Argentinean Irina Werning probably didn’t imagine she would end up with a camera when she studied Economics at Universidad de San Andres in Buenos Aires. She later received a masters in history and very much later, received a masters in photographic journalism at this university (University of Westminster) in 2006.
Her work reflects upon history like a visual poem, perhaps even a personal diary of the photographer reflecting upon her own existence and her own history.
I particularly loved her series “Back to the Future”. In this work, she uses old photographs and traces their subjects and has them pose in the same posture and similar close. Werning says on her website this work made her realize she is “a bit obsessive.
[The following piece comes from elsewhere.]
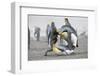 King Penguins About to Mate, South Georgia Island-Darrell Gulin-Framed Photographic Print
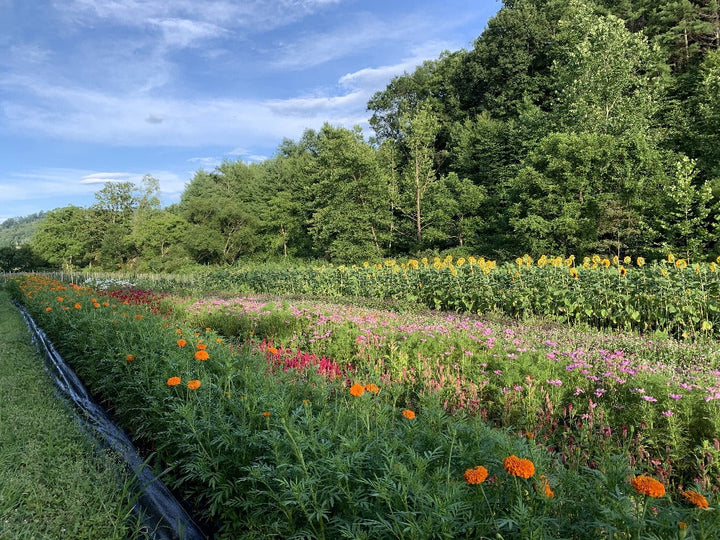 Flower Farm Workshop Asheville, NC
“I love old photos. I admit being a nosey photographer. As soon as I step into someone else’s house, I start sniffing for them. Most of us are fascinated by their retro look but to me, it’s imagining how people would feel and look like if they were to re-enact them today… A few months ago, I decided to actually do this. So, with my camera, I started inviting people to go back to their future.”
I thought this series by Werning is an interesting example of artists using a historical archive, in this case old photographs normally kept in family albums, as a basis for their creation. In this case it is a study of time, memories and physical transformations through age. I think her work resonates with Desai’s writing on autobiography/memoirs.
“Back to the Future” is not autobiographical for Werning herself (she is relating a historical narrative) but it certianly is for her subjects, who are choosing to actively participate in reliving a moment — for them it is a personal memoir. Therefore the work is a cross-section of what Desai describes in his chapter on autobiography/memory. In some cases the moments re-enacted by the participants are from their childhood and their engagement in the process is about reliving/trigerring memories from the past and understanding the concept of time and the transformation it lends to one’s self.